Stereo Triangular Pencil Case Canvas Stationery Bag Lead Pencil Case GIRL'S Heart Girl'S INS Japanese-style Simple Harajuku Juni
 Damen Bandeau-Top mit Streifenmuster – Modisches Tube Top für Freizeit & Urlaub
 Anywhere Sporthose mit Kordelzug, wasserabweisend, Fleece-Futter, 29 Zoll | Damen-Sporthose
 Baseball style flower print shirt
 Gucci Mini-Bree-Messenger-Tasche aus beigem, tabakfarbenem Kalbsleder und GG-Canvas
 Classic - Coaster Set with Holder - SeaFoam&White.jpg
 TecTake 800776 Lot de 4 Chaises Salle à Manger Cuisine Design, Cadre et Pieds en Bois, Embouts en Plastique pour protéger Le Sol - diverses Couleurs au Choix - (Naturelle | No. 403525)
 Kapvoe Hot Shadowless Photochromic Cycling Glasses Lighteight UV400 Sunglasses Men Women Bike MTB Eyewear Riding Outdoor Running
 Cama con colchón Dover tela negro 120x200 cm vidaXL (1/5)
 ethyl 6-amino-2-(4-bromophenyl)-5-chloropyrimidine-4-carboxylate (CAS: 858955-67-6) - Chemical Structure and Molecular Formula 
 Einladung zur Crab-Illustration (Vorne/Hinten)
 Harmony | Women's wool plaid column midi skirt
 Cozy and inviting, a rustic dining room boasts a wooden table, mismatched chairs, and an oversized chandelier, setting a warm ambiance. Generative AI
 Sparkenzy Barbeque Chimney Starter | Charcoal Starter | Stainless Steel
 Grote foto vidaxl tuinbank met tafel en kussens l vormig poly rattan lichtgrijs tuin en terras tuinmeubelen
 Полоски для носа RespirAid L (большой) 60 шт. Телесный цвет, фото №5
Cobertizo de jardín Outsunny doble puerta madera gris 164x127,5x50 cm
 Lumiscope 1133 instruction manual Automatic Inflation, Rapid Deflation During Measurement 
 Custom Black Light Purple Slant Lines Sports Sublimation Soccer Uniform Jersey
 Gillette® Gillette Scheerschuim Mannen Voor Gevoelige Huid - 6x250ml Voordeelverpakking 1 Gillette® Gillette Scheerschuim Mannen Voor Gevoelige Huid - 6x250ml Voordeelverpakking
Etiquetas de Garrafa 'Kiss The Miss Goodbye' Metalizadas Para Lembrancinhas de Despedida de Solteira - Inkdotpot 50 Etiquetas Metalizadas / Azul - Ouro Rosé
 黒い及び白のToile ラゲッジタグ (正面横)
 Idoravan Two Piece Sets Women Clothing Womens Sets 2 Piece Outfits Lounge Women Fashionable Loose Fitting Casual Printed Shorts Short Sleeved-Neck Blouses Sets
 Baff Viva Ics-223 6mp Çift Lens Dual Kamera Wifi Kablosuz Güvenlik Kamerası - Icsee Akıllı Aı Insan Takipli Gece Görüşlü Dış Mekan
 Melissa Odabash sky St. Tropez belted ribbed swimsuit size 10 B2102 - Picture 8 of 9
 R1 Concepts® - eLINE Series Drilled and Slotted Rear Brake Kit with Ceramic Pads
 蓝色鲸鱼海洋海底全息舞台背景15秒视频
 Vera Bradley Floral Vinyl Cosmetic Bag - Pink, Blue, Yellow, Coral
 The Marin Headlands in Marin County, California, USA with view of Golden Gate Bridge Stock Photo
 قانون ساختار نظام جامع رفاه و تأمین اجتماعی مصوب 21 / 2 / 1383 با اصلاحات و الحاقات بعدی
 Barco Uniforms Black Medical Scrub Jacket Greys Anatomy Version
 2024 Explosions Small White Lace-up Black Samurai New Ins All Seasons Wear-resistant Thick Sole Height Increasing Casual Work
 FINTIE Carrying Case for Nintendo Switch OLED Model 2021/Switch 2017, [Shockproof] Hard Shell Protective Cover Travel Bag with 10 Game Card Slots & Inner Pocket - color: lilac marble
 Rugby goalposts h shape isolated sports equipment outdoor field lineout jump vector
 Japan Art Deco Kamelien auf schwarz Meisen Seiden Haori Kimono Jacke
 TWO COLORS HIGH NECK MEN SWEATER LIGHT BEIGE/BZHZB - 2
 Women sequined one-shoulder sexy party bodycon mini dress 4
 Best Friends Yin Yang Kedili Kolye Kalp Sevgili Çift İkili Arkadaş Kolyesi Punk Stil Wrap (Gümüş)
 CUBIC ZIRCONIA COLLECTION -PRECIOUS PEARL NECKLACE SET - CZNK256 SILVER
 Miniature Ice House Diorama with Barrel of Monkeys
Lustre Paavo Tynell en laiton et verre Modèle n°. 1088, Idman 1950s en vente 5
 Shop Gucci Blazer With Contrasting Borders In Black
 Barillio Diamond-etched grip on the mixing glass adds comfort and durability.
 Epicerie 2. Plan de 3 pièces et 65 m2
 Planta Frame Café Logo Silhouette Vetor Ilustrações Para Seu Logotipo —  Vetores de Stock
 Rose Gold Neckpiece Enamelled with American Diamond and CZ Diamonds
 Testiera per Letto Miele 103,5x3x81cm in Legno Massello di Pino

━━━━━━━━━━━━━━━━━━━━

• **Work request**: Copy range, inclusive: the line holding "Cama con colchón" to the line holding "Полоски для носа". Reproduce exactly those lines of the records above and no others.

• **Output of the task**:
 Cama con colchón Dover tela negro 120x200 cm vidaXL (1/5)
 ethyl 6-amino-2-(4-bromophenyl)-5-chloropyrimidine-4-carboxylate (CAS: 858955-67-6) - Chemical Structure and Molecular Formula 
 Einladung zur Crab-Illustration (Vorne/Hinten)
 Harmony | Women's wool plaid column midi skirt
 Cozy and inviting, a rustic dining room boasts a wooden table, mismatched chairs, and an oversized chandelier, setting a warm ambiance. Generative AI
 Sparkenzy Barbeque Chimney Starter | Charcoal Starter | Stainless Steel
 Grote foto vidaxl tuinbank met tafel en kussens l vormig poly rattan lichtgrijs tuin en terras tuinmeubelen
 Полоски для носа RespirAid L (большой) 60 шт. Телесный цвет, фото №5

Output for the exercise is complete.